Yazıcıoğlu'ndan aldığı cevapla rahatladı:
- Kaygılanmayın, sağlam yerdeler...
Gerçekten de son derece sağlam bir yerdeydiler. Yakalanma
ihtimalleri yok denecek kadar azdı. Ayrıca her ikisine de sıkı sıkı
tembih edilmişti:
- Buradan ayrılmayın. Bizim dediklerimizi harfiyen yerine
getirin.
Sakın ola teşkilatlara gitmeyin.
İsa Armağan, kendisine yapılan uyarıyı dikkate aldı.
Kendisine çizilen alanın dışına çıkmadı.
Ülkücü teşkilatlarla ilişkisini tamamen kestiği için bugün
hayatta.
Mustafa Pehlivanoğlu ise, tersini yaptı. Bir süre gizlendikten
sonra gezmeye ve teşkilatlara gidip gelmeye başladı.
Durum bu olunca da Başbakan'ın okuduğu mektupta selam gönderip,
"mutlu bir yuva kurması" temennisinde bulunduğu
nişanlısının erkek kardeşi tarafından ihbar edilip, yakalatıldı.
Ardından da idam edildi.
Kaderi O'nu adım adım ölüme götürdü!
SÖZLERİNİ BİTİREMEDEN KOMAYA SOKULDU... AYRINTILAR
DİĞER SAYFADA...
Erdem Ekinci, Gazi Üniversitesi Beden Eğitimi Bölümü'nde okuyor ve
Adalet Bakanlığı'nda memur olarak çalışıyordu. Dev Yol üyesiydi.
Direniş Komiteleri içinde örgütlenmişti. 10 Mart 1980'de Ankara
Keçiören Kuşçağız'da bir otobüs kaçırma olayından tutuklanıp,
Askeri Cezaevi'ne kapatıldı.
Henüz ihtilal olmamış ve cezaevlerinde
"Karıştır-Barıştır" uygulamasına geçilmemişti.
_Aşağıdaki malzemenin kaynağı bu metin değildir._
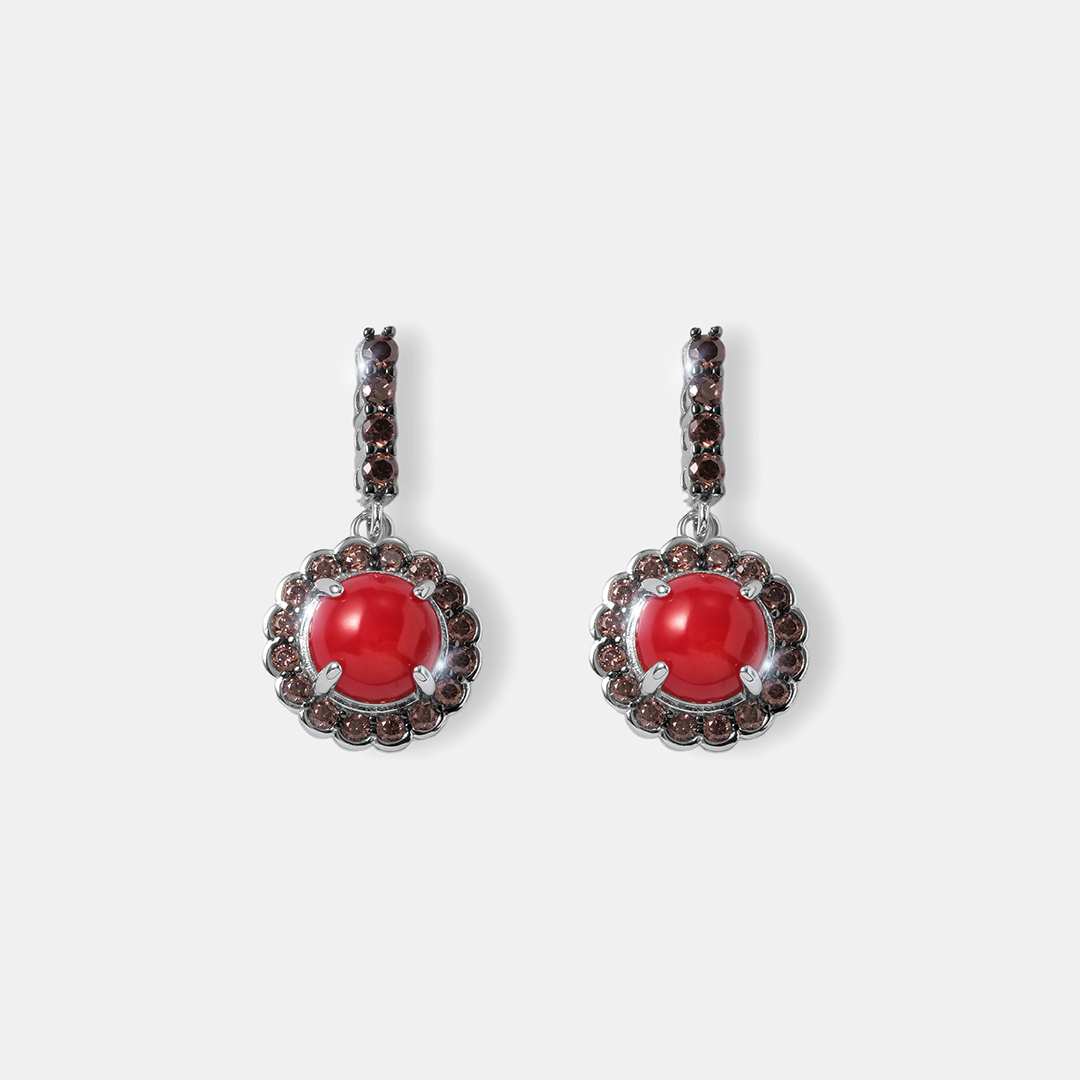Серебряные серьги с кораллами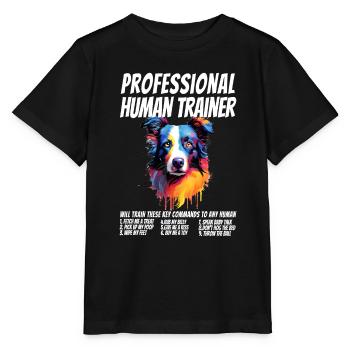 Professional Human Trainer Border Collie Dog - Stanley/Stella MINI CREATOR Kids’ T-Shirt - black - Front - Mikhail (115cm)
Solcu gençler ayrı, ülkücü gençler ayrı koğuşlarda
yatırılıyordu.
Güvercinlik Üssü'nde bulunan iki koğuş, tamamen sol görüşlü
gençlerden oluşuyordu.
Zindanlar alabildiğine doldurulmuştu. Koğuşlarda ranza yoktu. 114
kişi yer yatağında yatıyordu.
Bir gün "dikkat" komutunun ardından Albay Muhsin Sıkıcıoğlu koğuşa
girdi. Gençlerin yattıkları yatakların üzerine çıkarak konuşmaya
başladı:
- Devletimiz güçlüdür.
Devlet otoritesine boyun eğeceksiniz...
Ardından insani değerlere atıflar yapan sözler söyledi.
Bu sözleri söylerken de yere serilen yatakların üzerinde
geziniyordu.
Konuşmasını bitirdiğinde Erdem Ekinci söz istedi.
Henüz 12 Eylül İhtilali gerçekleşmediğinden, istemeden de olsa
Albay Sıkıcıoğlu tarafından kendisine söz verildi. 12 Eylül
İhtilali'nden sonra ise, değil konuşmak, kıpırdamak, sağa sola
bakmak bile yasaktı. Bu tür hareketlerin cezası, askerler
tarafından defalarca coplanmaktı.
Ekinci, "komutanım" dedi:
- Siz bu akşam eve gittiğinizde hanımefendiye anlatın.
Türkiye'nin çeşitli fakülte ve üniversitelerinde okuyan, eli kolu
bağlı ve yaşları 20 ile 25 arasında değişen 114 kişinin yattığı
koğuşa girdiğinizi ve onlara hitaben bir konuşma yaptığınızı
söyleyin. "Ben postallarımla onların başlarını koydukları
yastıkların üzerine çıktım ve insanlık dersi verdim"
deyin.
Acaba eşiniz size ne der?
Ekinci, bunları söyledikten sonrasını hatırlamıyor. Askerler hemen
etrafını çevirdi ve üzerine coplar inip kalkmaya başladı.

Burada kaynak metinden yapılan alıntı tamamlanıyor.